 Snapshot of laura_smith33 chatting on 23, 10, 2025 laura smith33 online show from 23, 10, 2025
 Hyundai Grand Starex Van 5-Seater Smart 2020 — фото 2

==

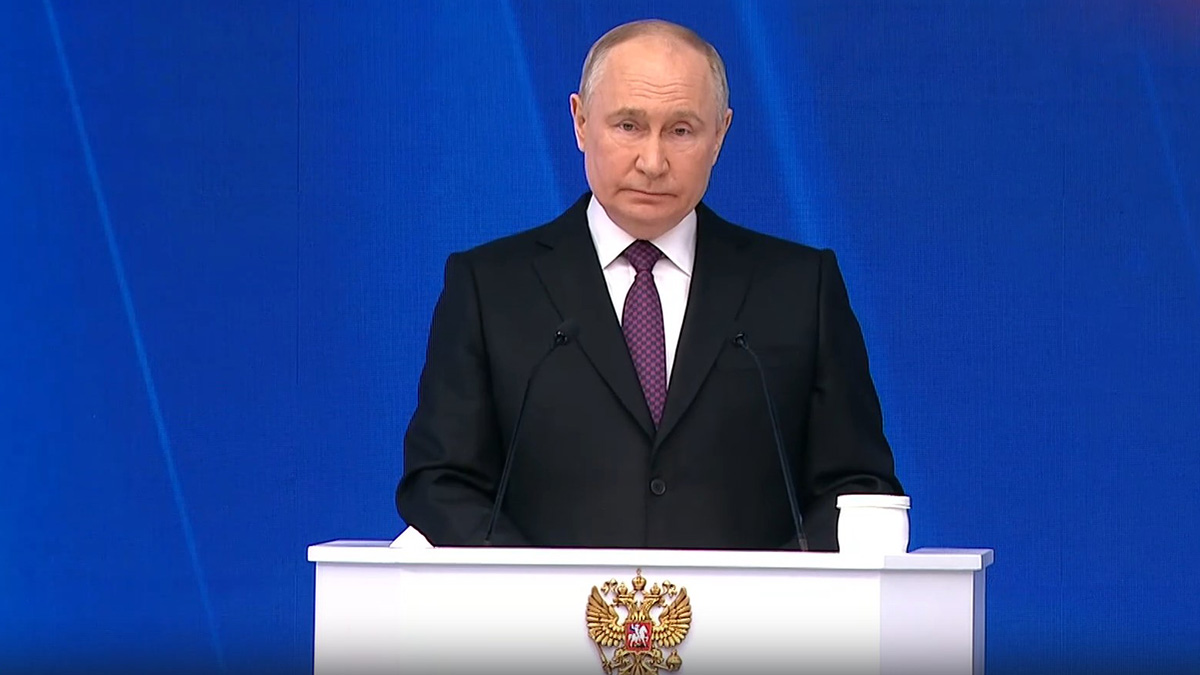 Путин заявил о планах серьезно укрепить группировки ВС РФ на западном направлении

◆ Exercise
Using the entries above, output exactly the lines between the line holding "Snapshot of laura_smith33" and the line holding "Hyundai Grand Starex", end lines included, and nothing more.

◆ Expected answer
 Snapshot of laura_smith33 chatting on 23, 10, 2025 laura smith33 online show from 23, 10, 2025
 Hyundai Grand Starex Van 5-Seater Smart 2020 — фото 2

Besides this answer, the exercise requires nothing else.